*PROVIDED RECORDS*:
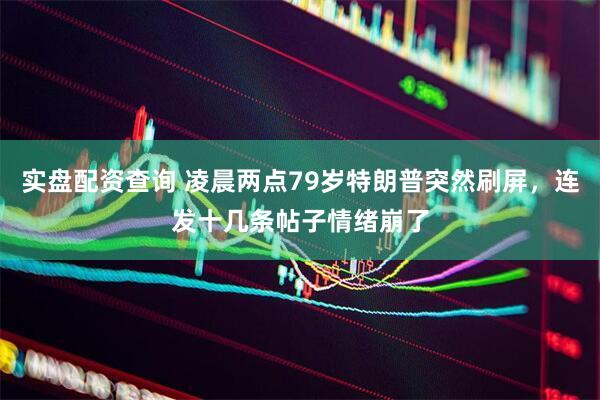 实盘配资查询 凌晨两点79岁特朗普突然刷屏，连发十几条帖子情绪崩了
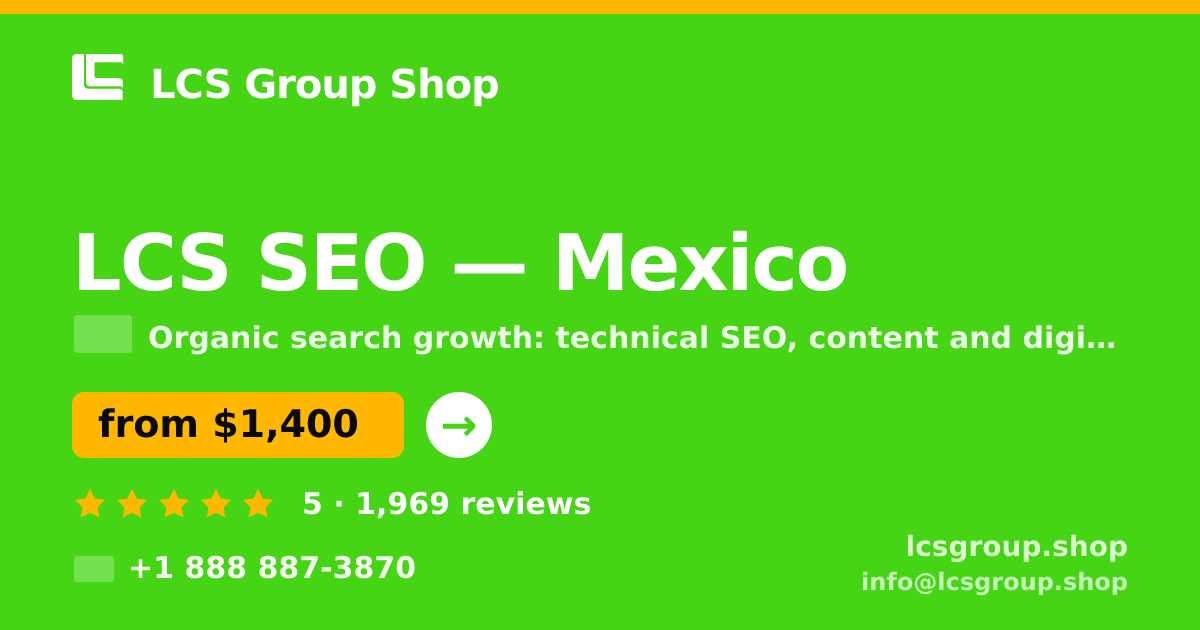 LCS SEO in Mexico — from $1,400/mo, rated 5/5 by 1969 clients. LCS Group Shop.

* * *

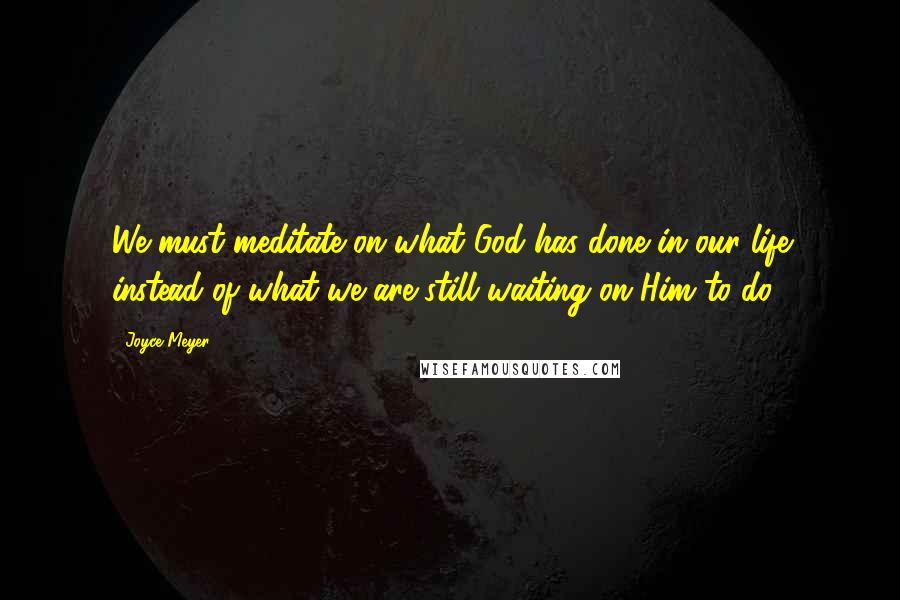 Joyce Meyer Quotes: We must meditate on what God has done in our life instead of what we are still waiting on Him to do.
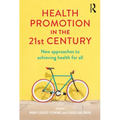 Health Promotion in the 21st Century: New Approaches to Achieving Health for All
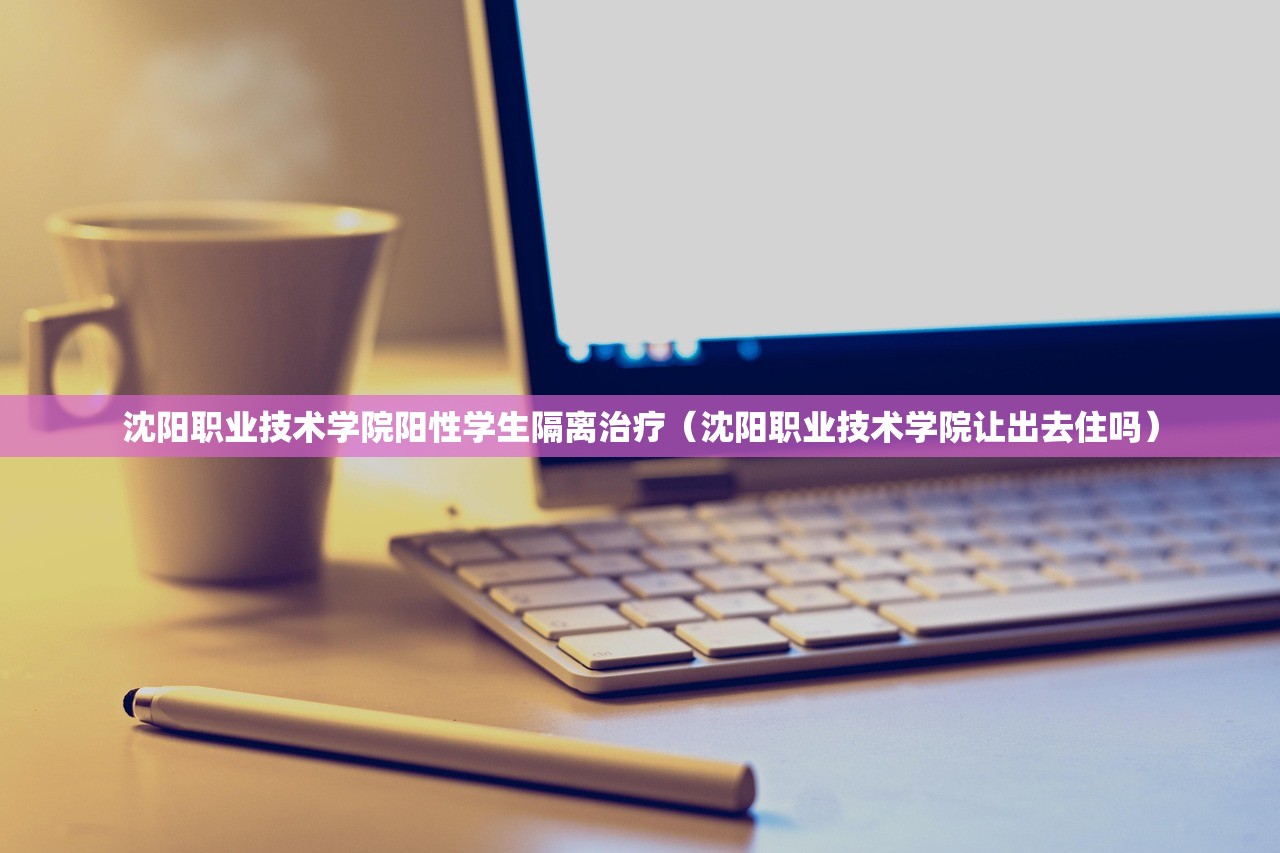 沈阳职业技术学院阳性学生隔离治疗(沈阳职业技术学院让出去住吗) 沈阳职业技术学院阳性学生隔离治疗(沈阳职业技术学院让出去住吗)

*TASK TO COMPLETE*: Beginning with the line that contains "Health Promotion in", write out the lines of the material above exactly, and end with the line that contains "沈阳职业技术学院阳性学生隔离治疗(沈阳职业技术学院让出去住吗) 沈阳职业技术学院阳性学生隔离治疗(沈阳职业技术学院让出去住吗)". Omit the pictures.

*OUTPUT OF THE TASK*:
 Health Promotion in the 21st Century: New Approaches to Achieving Health for All
 沈阳职业技术学院阳性学生隔离治疗(沈阳职业技术学院让出去住吗) 沈阳职业技术学院阳性学生隔离治疗(沈阳职业技术学院让出去住吗)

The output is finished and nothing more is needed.